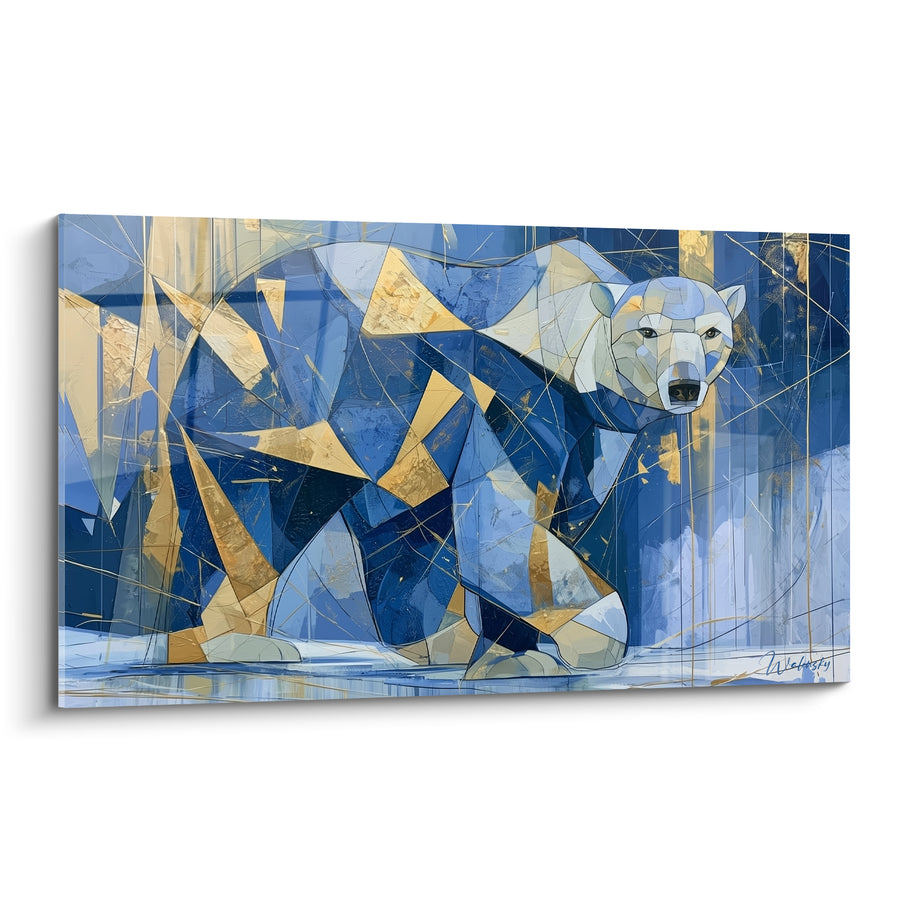 Tableau Ours géométrique bleu marine et doré - Fragments de toundra - Edition Ours polaire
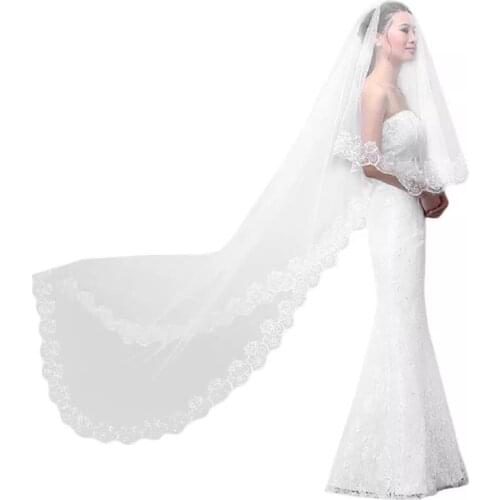 Women Pure White Wedding Veil 3M Long Embroidered Floral Lace Scalloped Edge Bridal Cathedral 1 Layer Party Accessories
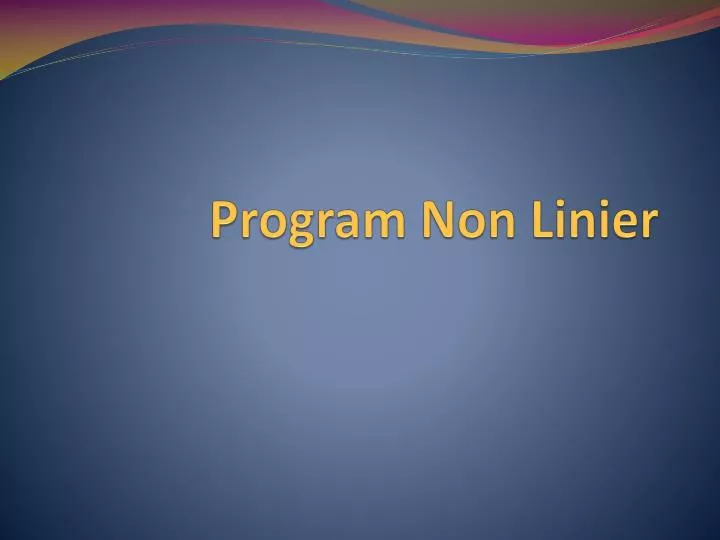 program non linier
== == ==
Exercise directions: Retype the whole listing exactly and leave the pictures out.

Expected answer:
 Tableau Ours géométrique bleu marine et doré - Fragments de toundra - Edition Ours polaire
 Women Pure White Wedding Veil 3M Long Embroidered Floral Lace Scalloped Edge Bridal Cathedral 1 Layer Party Accessories
 program non linier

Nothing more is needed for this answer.